Yes that's where we ended up in March, it was only an overnight stop on route south and we had a pleasant walk along the beach.

Happy travelling Barry.

James


----------



## barryd (May 9, 2008)

Thanks JP and all. Sorry I havent thanked you all but everytime I press the button the screen freezes. Must be this crappy French Weefee!  

our refuge of solace has been taken over by at least 6 vans now and some of them have brought Children!!! How condsiderate is that??

Im just off out to pop their footballs and stomp on their toys! 8O


----------



## barryd (May 9, 2008)

Its been a slow hot day here at Chaource so I started this years blog. Its a bit dull so far but adventure wont be far away.

Its still way to hot but due to cool by ten degrees tomorrow and a lot of Rain.

We are going to head a bit further south into Burgundy and Ive spotted a few likely Aires and places to visit. A couple of lakes as well but Ironically it might be too cold and wet now!

There is only us and the resident French couple in the corner left on the Aire. I think they probably come here each year for their summer holidays. They seem very pleasant though.

Anyway if anyone is interested here is the start of this years blog.

Hank the Tank Summer 2013 blog


----------



## simandme (Jan 11, 2011)

If you're heading to Burgundy, can recommend the aire at St Gengoux de Scisse, in the Chardonnay Valley! (though I heard that the grapes have been hit hard by thunderstorms).

Free electric; only us and one other, so we stayed hooked up for the night. Nice easy walk into the village.


----------



## barryd (May 9, 2008)

simandme said:


> If you're heading to Burgundy, can recommend the aire at St Gengoux de Scisse, in the Chardonnay Valley! (though I heard that the grapes have been hit hard by thunderstorms).
> 
> Free electric; only us and one other, so we stayed hooked up for the night. Nice easy walk into the village.


Thanks for that. We did see that one but as we are officially heading to Jura thought it was a bit long of a dog leg but who knows!

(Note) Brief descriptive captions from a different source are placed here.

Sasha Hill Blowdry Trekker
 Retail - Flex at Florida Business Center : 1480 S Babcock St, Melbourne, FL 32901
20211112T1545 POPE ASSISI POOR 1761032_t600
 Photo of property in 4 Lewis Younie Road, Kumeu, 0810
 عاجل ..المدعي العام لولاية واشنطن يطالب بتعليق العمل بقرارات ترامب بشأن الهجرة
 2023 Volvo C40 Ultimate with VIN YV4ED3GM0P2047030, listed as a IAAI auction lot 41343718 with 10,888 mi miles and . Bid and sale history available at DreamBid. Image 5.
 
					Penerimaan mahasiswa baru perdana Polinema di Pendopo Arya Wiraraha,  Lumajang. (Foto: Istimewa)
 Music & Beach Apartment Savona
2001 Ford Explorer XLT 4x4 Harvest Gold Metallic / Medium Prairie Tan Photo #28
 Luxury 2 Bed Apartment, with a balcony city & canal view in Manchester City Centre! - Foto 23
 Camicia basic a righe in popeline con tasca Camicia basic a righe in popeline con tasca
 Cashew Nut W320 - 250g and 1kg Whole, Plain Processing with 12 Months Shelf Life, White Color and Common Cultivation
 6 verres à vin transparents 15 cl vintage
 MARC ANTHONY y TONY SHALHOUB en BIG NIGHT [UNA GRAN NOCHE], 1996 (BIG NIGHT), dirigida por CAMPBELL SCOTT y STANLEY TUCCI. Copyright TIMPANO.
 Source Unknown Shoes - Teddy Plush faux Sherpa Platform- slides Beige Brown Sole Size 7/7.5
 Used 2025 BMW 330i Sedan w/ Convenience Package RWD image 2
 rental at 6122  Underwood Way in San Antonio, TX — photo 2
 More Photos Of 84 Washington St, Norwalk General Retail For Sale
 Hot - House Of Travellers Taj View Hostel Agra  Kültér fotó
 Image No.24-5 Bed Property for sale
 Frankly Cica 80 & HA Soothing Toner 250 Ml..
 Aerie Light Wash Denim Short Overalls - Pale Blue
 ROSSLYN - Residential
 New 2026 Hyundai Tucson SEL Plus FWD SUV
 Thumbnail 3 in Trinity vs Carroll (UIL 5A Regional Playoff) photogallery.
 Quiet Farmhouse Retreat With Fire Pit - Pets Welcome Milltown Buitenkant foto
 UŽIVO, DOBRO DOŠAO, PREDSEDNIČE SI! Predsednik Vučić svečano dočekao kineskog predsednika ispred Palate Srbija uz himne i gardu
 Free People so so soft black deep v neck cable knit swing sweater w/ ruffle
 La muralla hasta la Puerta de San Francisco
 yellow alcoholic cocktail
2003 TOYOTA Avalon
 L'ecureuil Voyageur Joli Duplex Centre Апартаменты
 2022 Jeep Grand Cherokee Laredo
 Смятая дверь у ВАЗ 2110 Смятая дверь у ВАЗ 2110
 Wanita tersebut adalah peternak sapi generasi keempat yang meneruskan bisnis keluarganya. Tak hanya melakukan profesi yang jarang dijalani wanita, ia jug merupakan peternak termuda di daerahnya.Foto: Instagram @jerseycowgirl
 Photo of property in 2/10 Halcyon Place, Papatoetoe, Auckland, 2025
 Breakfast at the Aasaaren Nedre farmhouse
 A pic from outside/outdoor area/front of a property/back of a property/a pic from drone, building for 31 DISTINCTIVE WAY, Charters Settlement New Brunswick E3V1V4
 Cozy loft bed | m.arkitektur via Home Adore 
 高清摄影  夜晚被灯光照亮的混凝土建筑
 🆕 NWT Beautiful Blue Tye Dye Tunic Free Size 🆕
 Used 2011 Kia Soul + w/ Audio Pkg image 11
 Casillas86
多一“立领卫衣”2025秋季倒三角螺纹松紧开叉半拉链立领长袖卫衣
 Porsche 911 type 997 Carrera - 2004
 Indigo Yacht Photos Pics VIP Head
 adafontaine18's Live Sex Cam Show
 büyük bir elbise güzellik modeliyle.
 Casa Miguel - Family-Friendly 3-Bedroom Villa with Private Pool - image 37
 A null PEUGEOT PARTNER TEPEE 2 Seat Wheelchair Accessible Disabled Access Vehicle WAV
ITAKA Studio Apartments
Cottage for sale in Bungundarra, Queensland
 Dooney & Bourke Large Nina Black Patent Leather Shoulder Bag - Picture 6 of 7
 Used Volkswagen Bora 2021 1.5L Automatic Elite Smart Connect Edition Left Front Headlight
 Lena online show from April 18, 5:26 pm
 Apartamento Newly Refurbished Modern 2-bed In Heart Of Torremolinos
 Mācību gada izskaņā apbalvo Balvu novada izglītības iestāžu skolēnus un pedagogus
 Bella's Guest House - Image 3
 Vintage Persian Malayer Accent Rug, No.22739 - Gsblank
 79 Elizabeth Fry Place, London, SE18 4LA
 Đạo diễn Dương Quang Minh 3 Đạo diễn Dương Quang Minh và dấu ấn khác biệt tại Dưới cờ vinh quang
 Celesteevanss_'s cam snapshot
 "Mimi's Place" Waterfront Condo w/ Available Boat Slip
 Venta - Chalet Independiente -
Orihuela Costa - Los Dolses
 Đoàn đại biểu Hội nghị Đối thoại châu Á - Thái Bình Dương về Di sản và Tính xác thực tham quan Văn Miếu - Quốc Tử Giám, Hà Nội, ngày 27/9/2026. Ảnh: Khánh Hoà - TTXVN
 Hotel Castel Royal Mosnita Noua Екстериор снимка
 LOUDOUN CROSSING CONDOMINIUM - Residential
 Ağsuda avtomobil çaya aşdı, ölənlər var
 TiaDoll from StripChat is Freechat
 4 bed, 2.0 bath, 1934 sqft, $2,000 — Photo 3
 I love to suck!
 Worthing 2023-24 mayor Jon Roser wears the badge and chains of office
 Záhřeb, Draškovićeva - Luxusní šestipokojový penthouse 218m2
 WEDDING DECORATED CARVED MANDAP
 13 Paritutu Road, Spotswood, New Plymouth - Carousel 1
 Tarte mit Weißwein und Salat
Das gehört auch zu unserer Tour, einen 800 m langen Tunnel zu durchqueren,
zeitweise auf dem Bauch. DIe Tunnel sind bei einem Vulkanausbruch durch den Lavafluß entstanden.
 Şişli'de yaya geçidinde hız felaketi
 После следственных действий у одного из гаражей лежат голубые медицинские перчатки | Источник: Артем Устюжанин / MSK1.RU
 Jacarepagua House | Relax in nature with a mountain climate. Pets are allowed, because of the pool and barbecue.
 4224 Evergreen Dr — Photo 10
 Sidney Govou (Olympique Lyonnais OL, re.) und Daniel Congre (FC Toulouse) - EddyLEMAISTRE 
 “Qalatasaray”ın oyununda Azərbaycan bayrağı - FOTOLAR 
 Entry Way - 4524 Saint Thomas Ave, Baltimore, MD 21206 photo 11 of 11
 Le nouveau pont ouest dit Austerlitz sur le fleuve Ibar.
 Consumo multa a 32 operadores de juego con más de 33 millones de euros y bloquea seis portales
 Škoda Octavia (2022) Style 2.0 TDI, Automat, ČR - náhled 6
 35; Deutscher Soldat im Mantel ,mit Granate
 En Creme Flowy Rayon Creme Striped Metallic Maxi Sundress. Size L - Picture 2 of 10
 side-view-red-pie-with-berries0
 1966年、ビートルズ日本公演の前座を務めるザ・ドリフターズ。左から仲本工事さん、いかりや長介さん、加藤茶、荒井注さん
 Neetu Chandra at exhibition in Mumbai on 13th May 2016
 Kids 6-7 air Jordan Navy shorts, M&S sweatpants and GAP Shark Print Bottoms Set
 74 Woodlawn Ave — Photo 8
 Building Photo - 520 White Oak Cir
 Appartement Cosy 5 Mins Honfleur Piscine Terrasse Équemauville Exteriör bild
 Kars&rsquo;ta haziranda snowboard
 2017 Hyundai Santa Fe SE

After my last post we had a bit of drama. Saturday night the weather changed and there was a massive storm. I think we may well have been in the eye of it as the lightning seemed to circle around us as a result I think we missed the worse of it as the next morning we set off a few miles further south to an Abbey near Montbard and there were trees down all over. Even some of those massive circular hay bails had been blown out of the fields.

Took us ages to get anywhere as there were Route Barre signs all over. The French love these so have a field day in a storm.

Seemed to be sporadic though.

To cap it all I broke my tooth on a flipping baguette!


----------



## raynipper (Aug 4, 2008)

Sorry to hear about your dramas Barry.
We did a boot sale Sunday and apart from a 20 min shower it was a very comfortable day with 23c and slight breeze.

French dentists are very cheap and accommodating.

Ray.


----------



## barryd (May 9, 2008)

Thanks Ray. I've used a French dentist before. Excellent he was. Its a tooth at the back that my dentist ad home spent ages building up but said it might last ten years or ten weeks. It's about ten weeks. It's completely disintergrated. There was a loose bit left so I just set up my own dentists in the van and pulled it out. . I'll leave the rest of it to the experts though.

Finally arrived in Jura near Abois today. It's taken us a week to get here and it's only 450 miles from Calais!

Looks good so far. Off to do some wilding up in the hills near some lakes and hopefully stay put for a few days. Forecast is HOT!


----------